With all the praise Chico has gotten for being a great place to live and work, it’s no surprise that the small town is also an ideal environment to start a small business. This is a city where you can learn if you have what it takes to start and run a company.
Gary Sitton, computer science professor emeritus, was tempted to design a class so students would not only learn from him, but from others who climbed up the startup business ladder. Sitton and his wife, Judy, started and sold their own company, Bi-Tech.
“It’s an experiment,” Sitton said. “Over the years I have accumulated quite a number of colleagues who have done similar things to what Judy and I did.”
Sitton is not the only one excited about his new class.
Matthew Shouse, a senior applied computer graphics major, is unsure about what he will learn from the class, but knows it will be interesting.
“People are always asking questions,” Shouse said. “It seems like a great opportunity to meet these people and network.”
The class will feature insights from businesspeople like Ken Grossman, the CEO and president of Sierra Nevada Brewing Co. and Sean Morgan, a business management professor and city council member.
If students want to see whether or not they have the chops for technological startups, or startups in general, they must be willing to wake up before dawn.
The class meets at 6 a.m. every Tuesday and Thursday in the O’Connell Technology Center.

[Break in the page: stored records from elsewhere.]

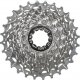Microshift Kaseta MICROSHIFT CENTOS 11.rzędowa, Stalowa, Kompatybilna z Shimano, 11-12-13-14-15-16-17-19-21-24-28, Chrom, (NEW) 2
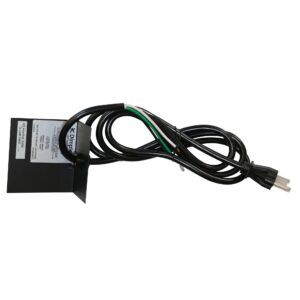 dimplex opti-myst plug kit (model: cdfi-plugkit), 120 volt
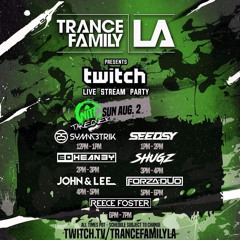 Ed Heaney  LA Trance Family Guest mix  2-8-20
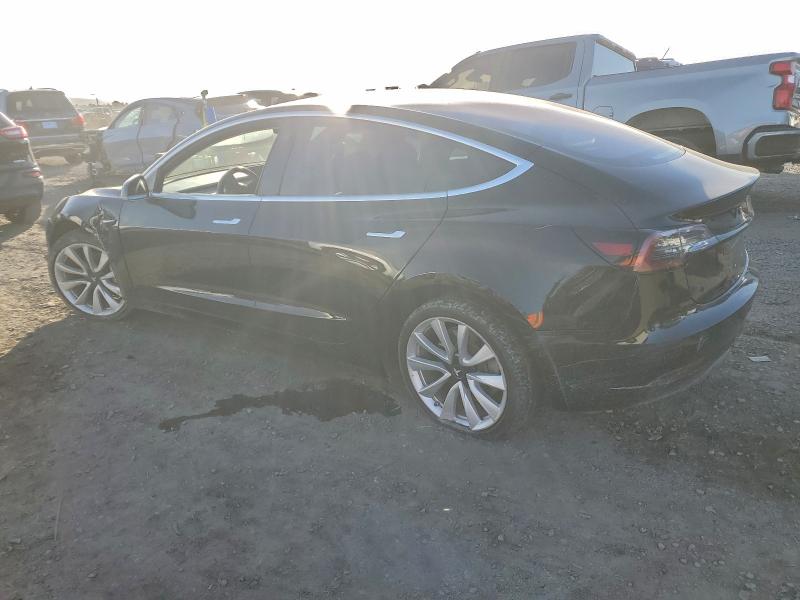 Photo 2 from auction – 2018 TESLA MODEL 3 with VIN 5YJ3E1EA5JF042382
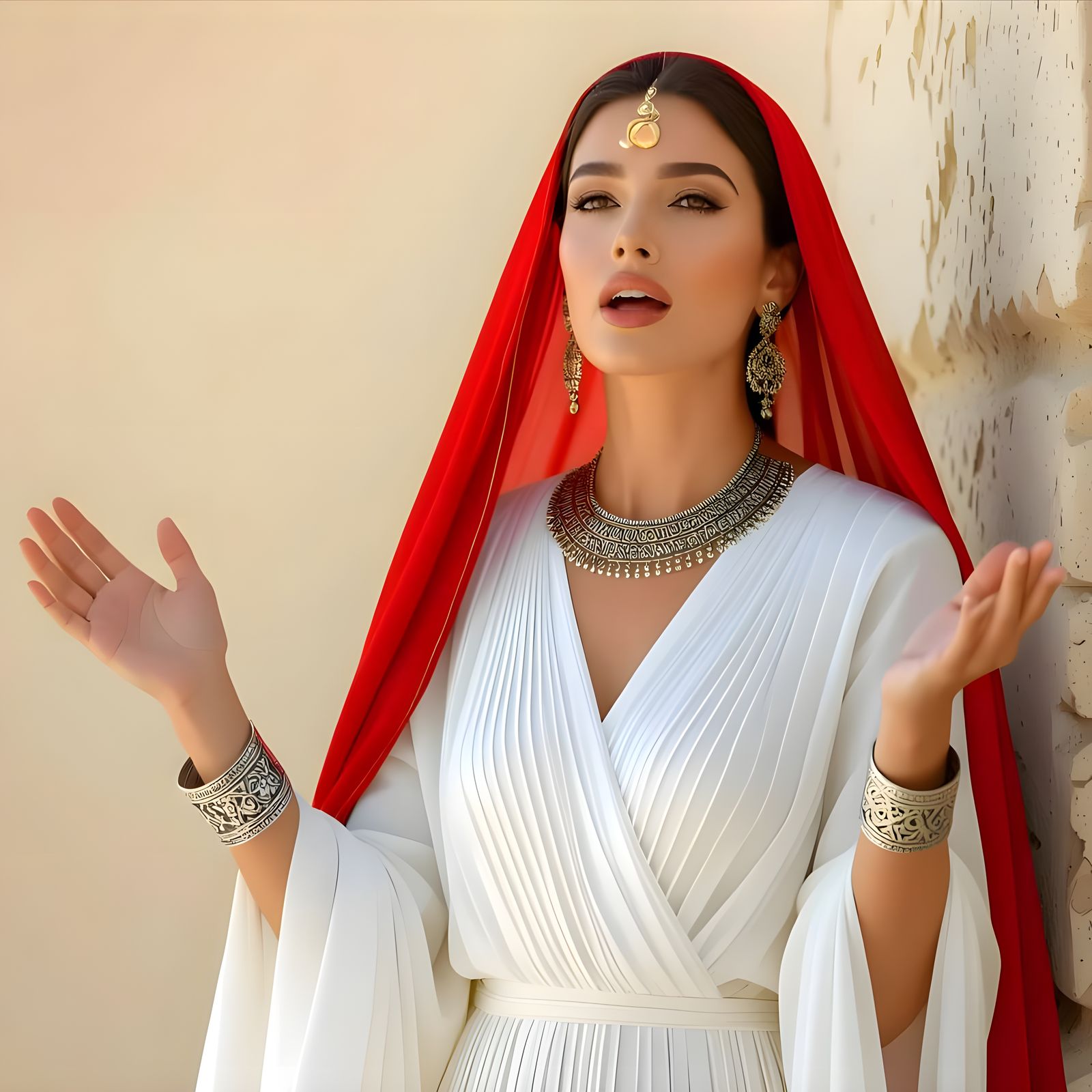 Dvorah Sings  by @Gary Murakami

With such an early class time, one might assume it may be hard to get a group of undergrads and graduate students to be attentive and responsive, but Shouse would disagree.
“It’s worth it,” Shouse said. “Sure I feel like my mom, going to bed at 9 or 10, but I get so much done now.”
Peter Straus, director of the Center for Entrepreneurship, applauds both students and lecturers for being able to get up and into class at such an early time.
“Here in the College of Business and the Center for Entrepreneurship, we are very pleased to see the idea of entrepreneurship spread across campus,” Straus said in a statement addressing the new class.
Chico isn’t just one of the best places to live and work, it’s becoming somewhere small businesses can thrive.